:: EXERCISE DETAILS ::
Please print the entries below exactly, from the line with "5 шт. сделай" through the line with "small part of Ellis Co. geologic map", including both of those lines and leaving out all others.

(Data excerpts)
=-=-=
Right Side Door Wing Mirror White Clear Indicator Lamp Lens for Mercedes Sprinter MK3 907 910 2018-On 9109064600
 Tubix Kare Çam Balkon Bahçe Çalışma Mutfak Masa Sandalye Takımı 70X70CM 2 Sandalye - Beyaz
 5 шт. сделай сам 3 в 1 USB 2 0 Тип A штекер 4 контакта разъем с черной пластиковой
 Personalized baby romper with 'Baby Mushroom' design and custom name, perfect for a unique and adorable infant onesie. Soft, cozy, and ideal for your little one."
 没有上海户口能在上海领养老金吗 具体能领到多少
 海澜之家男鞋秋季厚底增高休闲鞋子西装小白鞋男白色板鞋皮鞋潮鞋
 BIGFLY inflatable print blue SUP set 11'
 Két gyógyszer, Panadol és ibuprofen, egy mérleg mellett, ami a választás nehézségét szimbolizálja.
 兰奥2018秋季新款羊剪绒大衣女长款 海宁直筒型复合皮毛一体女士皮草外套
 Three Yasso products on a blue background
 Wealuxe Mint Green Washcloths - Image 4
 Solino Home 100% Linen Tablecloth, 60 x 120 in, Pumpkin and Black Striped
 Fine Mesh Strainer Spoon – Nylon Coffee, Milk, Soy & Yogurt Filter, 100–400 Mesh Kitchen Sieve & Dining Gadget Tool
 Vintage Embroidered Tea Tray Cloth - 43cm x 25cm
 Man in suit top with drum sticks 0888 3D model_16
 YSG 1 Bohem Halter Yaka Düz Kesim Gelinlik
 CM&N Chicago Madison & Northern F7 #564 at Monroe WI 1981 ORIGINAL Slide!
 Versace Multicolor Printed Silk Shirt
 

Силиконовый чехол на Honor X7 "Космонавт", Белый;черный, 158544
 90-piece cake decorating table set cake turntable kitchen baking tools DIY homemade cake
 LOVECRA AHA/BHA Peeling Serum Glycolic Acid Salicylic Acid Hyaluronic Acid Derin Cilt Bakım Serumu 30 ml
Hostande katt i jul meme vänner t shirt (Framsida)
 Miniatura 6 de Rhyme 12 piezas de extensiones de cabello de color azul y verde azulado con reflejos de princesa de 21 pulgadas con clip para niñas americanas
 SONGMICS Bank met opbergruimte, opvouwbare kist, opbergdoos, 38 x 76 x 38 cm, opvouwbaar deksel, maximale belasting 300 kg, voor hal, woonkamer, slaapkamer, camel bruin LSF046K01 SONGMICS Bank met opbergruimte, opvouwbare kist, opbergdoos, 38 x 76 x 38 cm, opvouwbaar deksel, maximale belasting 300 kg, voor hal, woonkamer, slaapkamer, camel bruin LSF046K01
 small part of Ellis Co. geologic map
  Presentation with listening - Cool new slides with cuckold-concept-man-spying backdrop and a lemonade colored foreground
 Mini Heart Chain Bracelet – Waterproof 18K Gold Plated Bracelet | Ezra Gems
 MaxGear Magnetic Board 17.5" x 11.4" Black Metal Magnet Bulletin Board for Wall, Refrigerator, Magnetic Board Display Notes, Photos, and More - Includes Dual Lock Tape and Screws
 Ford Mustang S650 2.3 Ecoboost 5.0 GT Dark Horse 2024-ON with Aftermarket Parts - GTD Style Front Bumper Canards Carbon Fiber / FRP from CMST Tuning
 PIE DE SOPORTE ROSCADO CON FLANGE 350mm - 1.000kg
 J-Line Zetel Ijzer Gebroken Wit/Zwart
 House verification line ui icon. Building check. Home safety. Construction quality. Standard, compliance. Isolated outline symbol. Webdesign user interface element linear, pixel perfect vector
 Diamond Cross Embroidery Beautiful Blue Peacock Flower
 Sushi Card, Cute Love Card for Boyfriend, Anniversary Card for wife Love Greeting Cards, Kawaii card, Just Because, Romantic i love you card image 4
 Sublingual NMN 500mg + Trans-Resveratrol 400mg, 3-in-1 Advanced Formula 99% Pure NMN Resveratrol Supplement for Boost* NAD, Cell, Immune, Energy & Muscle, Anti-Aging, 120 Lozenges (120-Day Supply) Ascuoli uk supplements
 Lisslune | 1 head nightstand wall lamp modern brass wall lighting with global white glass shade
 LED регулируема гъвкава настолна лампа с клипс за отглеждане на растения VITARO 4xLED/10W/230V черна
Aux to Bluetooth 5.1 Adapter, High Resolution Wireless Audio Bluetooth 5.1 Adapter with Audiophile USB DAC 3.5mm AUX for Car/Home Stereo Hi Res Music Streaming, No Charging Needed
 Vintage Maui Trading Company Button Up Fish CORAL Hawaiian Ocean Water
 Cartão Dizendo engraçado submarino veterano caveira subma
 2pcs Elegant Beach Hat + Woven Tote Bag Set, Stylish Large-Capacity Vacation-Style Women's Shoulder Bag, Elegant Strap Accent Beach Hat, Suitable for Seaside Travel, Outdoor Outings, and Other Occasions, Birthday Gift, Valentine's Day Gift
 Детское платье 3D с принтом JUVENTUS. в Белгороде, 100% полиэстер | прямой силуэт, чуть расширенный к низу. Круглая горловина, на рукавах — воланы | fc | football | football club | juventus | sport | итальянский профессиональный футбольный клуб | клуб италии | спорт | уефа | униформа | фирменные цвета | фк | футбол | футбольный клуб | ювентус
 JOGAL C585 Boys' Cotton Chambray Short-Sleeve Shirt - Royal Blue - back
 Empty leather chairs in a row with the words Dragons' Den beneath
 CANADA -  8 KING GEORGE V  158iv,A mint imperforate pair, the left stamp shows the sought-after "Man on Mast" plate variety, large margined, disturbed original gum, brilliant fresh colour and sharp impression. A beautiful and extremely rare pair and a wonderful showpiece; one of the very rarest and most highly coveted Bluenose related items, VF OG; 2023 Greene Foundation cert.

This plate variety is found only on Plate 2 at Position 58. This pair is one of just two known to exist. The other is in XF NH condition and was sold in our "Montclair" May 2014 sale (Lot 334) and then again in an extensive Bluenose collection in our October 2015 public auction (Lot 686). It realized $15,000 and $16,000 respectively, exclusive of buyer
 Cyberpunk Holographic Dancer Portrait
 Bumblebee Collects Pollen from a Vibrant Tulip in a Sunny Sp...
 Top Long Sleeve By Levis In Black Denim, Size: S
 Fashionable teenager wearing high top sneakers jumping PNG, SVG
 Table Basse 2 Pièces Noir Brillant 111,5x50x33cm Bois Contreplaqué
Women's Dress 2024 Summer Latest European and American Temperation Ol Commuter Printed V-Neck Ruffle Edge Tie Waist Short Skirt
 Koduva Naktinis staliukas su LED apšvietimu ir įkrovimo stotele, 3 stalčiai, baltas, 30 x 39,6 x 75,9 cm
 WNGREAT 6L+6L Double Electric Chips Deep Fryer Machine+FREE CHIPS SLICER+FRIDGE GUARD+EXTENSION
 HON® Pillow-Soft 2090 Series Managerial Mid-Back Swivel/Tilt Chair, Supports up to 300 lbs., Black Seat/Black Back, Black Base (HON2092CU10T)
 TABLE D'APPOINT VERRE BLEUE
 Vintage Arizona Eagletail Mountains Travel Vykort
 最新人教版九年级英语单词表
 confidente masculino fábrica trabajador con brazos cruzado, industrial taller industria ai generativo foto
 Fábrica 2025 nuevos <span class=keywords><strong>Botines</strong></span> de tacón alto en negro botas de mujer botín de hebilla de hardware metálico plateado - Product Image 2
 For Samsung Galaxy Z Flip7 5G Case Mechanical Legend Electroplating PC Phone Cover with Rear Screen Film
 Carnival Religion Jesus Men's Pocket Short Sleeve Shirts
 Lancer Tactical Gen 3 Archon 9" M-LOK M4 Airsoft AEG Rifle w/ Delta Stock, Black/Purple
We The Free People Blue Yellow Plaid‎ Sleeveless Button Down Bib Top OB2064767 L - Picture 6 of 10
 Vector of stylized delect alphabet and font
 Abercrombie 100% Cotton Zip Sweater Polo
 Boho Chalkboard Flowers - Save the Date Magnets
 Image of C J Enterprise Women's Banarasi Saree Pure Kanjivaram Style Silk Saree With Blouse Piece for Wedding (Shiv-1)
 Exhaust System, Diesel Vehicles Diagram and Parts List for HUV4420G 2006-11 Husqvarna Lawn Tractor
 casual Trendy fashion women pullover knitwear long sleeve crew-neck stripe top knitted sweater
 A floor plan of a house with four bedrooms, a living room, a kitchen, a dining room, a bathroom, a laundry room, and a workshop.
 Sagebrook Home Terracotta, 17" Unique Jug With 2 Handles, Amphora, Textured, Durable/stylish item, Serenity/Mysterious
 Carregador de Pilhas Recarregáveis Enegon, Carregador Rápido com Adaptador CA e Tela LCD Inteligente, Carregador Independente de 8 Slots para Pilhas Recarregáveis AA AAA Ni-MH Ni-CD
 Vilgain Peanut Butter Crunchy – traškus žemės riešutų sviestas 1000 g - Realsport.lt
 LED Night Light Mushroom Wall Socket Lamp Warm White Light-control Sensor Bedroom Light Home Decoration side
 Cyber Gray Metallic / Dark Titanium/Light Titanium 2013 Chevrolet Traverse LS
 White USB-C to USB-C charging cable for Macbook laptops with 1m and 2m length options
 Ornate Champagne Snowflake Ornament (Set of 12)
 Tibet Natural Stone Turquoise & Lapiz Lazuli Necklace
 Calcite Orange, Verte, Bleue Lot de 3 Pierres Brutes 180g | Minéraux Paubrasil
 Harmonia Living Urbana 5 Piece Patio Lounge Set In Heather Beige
=-=-=
:: REPLY TO THE TASK ::
 5 шт. сделай сам 3 в 1 USB 2 0 Тип A штекер 4 контакта разъем с черной пластиковой
 Personalized baby romper with 'Baby Mushroom' design and custom name, perfect for a unique and adorable infant onesie. Soft, cozy, and ideal for your little one."
 没有上海户口能在上海领养老金吗 具体能领到多少
 海澜之家男鞋秋季厚底增高休闲鞋子西装小白鞋男白色板鞋皮鞋潮鞋
 BIGFLY inflatable print blue SUP set 11'
 Két gyógyszer, Panadol és ibuprofen, egy mérleg mellett, ami a választás nehézségét szimbolizálja.
 兰奥2018秋季新款羊剪绒大衣女长款 海宁直筒型复合皮毛一体女士皮草外套
 Three Yasso products on a blue background
 Wealuxe Mint Green Washcloths - Image 4
 Solino Home 100% Linen Tablecloth, 60 x 120 in, Pumpkin and Black Striped
 Fine Mesh Strainer Spoon – Nylon Coffee, Milk, Soy & Yogurt Filter, 100–400 Mesh Kitchen Sieve & Dining Gadget Tool
 Vintage Embroidered Tea Tray Cloth - 43cm x 25cm
 Man in suit top with drum sticks 0888 3D model_16
 YSG 1 Bohem Halter Yaka Düz Kesim Gelinlik
 CM&N Chicago Madison & Northern F7 #564 at Monroe WI 1981 ORIGINAL Slide!
 Versace Multicolor Printed Silk Shirt
 

Силиконовый чехол на Honor X7 "Космонавт", Белый;черный, 158544
 90-piece cake decorating table set cake turntable kitchen baking tools DIY homemade cake
 LOVECRA AHA/BHA Peeling Serum Glycolic Acid Salicylic Acid Hyaluronic Acid Derin Cilt Bakım Serumu 30 ml
Hostande katt i jul meme vänner t shirt (Framsida)
 Miniatura 6 de Rhyme 12 piezas de extensiones de cabello de color azul y verde azulado con reflejos de princesa de 21 pulgadas con clip para niñas americanas
 SONGMICS Bank met opbergruimte, opvouwbare kist, opbergdoos, 38 x 76 x 38 cm, opvouwbaar deksel, maximale belasting 300 kg, voor hal, woonkamer, slaapkamer, camel bruin LSF046K01 SONGMICS Bank met opbergruimte, opvouwbare kist, opbergdoos, 38 x 76 x 38 cm, opvouwbaar deksel, maximale belasting 300 kg, voor hal, woonkamer, slaapkamer, camel bruin LSF046K01
 small part of Ellis Co. geologic map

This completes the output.